Breaching the door is an Event—enough so that he marks it in the planner he's taken to carrying around with him everywhere. His head simply isn't big enough to keep track of his too-long, so-short days, so he traces the time in his little notebook: scribbling all the way to the margins in every language he can remember, clinging desperately to his lost instincts. Not wanting to forget a single second of any of his lives.

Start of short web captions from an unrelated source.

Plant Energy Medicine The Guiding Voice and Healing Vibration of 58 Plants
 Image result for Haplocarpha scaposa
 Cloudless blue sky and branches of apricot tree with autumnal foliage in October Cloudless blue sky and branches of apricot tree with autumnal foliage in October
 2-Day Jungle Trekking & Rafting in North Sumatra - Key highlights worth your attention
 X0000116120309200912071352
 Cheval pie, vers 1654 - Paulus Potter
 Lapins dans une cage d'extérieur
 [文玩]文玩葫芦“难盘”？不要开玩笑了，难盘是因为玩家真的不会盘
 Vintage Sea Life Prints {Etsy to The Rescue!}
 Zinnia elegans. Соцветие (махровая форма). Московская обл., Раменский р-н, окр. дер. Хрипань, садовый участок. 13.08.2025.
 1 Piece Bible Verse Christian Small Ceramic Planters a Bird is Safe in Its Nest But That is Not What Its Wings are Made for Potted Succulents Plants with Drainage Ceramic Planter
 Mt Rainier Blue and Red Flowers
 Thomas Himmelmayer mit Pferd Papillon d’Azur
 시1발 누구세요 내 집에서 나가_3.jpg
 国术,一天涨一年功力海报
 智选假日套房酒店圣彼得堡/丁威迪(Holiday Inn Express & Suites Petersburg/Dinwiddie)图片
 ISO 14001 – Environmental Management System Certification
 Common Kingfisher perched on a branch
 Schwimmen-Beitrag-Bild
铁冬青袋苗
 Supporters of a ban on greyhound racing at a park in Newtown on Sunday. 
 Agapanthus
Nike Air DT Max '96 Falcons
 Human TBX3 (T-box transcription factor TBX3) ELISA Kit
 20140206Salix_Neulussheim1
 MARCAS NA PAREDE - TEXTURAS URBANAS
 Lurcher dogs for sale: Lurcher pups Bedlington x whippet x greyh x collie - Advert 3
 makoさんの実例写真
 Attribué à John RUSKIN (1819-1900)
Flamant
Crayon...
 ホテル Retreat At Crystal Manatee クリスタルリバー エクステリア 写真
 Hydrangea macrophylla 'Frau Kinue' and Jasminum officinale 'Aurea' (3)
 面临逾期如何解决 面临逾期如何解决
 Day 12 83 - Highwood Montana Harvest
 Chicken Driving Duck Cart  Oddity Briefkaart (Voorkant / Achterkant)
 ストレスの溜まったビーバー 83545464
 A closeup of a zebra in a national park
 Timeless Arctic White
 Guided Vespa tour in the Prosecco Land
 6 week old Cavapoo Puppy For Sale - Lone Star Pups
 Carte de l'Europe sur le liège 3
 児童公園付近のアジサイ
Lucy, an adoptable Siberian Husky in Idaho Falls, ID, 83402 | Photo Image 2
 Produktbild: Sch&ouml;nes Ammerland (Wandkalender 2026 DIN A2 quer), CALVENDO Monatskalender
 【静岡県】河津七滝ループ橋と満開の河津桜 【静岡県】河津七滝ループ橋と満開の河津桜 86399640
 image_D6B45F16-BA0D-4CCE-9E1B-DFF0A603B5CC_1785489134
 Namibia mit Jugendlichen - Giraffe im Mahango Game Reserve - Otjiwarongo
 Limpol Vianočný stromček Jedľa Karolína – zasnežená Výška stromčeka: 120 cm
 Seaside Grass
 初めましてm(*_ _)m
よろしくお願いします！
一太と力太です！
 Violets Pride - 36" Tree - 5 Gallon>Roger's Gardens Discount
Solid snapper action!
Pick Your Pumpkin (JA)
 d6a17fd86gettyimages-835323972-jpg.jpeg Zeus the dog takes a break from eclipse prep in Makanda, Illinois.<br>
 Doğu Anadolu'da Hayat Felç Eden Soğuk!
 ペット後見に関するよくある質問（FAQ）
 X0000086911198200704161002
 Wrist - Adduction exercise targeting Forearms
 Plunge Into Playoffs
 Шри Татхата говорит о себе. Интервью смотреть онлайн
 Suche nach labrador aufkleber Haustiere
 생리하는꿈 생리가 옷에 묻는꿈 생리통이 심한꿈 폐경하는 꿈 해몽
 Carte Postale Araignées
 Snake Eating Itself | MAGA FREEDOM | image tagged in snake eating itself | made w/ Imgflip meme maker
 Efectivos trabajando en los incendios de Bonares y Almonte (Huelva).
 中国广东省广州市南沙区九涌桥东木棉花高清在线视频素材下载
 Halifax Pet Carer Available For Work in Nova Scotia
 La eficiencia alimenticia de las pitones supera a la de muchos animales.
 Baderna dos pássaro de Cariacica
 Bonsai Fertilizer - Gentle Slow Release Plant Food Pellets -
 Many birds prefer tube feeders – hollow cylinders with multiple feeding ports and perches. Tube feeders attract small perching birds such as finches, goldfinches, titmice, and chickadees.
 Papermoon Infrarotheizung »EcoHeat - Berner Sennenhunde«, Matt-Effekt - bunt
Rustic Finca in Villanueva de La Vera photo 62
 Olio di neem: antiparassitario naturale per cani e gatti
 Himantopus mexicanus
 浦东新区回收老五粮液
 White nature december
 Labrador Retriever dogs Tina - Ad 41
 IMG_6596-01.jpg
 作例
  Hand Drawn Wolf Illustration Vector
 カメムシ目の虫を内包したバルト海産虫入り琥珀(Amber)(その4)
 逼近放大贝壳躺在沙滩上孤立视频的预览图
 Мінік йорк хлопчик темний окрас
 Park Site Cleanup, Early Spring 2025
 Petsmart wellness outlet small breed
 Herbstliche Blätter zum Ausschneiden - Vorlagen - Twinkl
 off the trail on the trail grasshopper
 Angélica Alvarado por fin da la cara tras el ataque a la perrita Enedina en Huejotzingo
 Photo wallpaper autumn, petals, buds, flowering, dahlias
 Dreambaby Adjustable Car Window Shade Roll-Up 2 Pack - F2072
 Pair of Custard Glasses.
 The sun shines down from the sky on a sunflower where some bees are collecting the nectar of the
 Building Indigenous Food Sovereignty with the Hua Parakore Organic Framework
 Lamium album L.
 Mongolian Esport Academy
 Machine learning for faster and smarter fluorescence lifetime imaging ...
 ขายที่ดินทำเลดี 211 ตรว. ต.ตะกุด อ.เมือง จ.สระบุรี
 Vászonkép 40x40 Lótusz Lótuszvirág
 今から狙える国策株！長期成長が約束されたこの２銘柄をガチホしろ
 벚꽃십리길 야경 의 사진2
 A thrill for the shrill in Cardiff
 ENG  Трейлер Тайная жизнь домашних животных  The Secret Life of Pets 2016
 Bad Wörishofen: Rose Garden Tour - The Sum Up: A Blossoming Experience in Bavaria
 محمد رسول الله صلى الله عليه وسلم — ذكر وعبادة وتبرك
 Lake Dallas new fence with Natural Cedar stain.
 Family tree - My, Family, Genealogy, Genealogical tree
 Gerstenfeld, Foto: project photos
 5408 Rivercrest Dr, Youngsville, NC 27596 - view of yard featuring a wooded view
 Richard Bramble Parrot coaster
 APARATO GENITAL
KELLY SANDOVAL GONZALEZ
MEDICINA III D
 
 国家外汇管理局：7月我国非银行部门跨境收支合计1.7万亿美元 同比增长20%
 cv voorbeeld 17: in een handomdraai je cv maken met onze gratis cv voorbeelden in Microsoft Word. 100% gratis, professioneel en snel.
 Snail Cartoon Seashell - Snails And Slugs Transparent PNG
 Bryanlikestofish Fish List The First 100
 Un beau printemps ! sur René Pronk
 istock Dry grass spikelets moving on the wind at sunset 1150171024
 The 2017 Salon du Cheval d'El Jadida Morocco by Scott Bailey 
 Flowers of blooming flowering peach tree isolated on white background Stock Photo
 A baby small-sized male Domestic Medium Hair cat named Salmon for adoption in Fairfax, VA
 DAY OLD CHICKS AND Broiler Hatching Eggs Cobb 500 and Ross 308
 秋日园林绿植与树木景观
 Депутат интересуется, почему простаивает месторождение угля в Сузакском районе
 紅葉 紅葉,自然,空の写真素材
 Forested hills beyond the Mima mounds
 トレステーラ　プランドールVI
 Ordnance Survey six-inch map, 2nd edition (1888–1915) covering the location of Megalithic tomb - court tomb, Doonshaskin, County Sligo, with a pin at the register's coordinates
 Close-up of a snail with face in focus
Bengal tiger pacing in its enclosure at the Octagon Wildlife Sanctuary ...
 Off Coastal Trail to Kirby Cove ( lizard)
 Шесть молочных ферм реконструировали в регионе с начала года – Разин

(His days are filled with her.)

He's gotten used to her voice behind him, during these conversations, so he leans against the side of the tub with his legs sprawled out on the tile, and busies his hands with the rubber ducky he'd found perched on the sink. (Probably Tony's, but the idea of it being Rose's amuses him far too much to abandon, so he doesn't ask.)

"You're quiet today," she observes, as if the very solid door that used to separate them hasn't been replaced by a frothy film of watermelon-and-cucumber-scented bubblebath.

"Am I? Sorry about that. Won't happen again." And then he starts babbling. "You know, I once had an entire silent conversation through a door. With Donna, actually, right when I first met back up with her. There was a whole room between us, with her on the other side of a portal and me hanging out a window. Well, I was on the washer's cradle, if you want to be specific, but—"

"I've ruined it, haven't I?" she asks softly.

He spins around. "Rose—" he starts, but then he gets a proper look at her and she takes his breath away.

And it's not that she's naked, or that she's beautiful (though, of course, she is.) It's just that she looks so young;younger than he's seen her since he'd turned around and there she was, two blocks away and a gun over her shoulder.

"I'm sorry," she says, biting her lip, "I just… I wanted…"

The rubber ducky falls to the floor, forgotten, as he leans over the side of the bath to capture his lips with hers.

(He has been on Pete's World one month, two weeks, three days and—as he finds when he checks against his day planner later—seven hours.)

"Don't," she whispers, and his heart's halfway to broken before she can gasp out the rest of her sentence, "I'll get you all wet."

"Don't care," he promises.

"That tie," she breathes, "is silk. S'a good tie."

"You can buy me another."

She pulls away completely, and his face falls. She laughs at him, amused by his childish pout, and fashions him a bubble beard to cheer him up.

A few minutes later, there are no layers between them. His mental coordinate grid sets this place as 0, 0, 0, and in the complete lack of distance from her, he loses sense of the world entirely.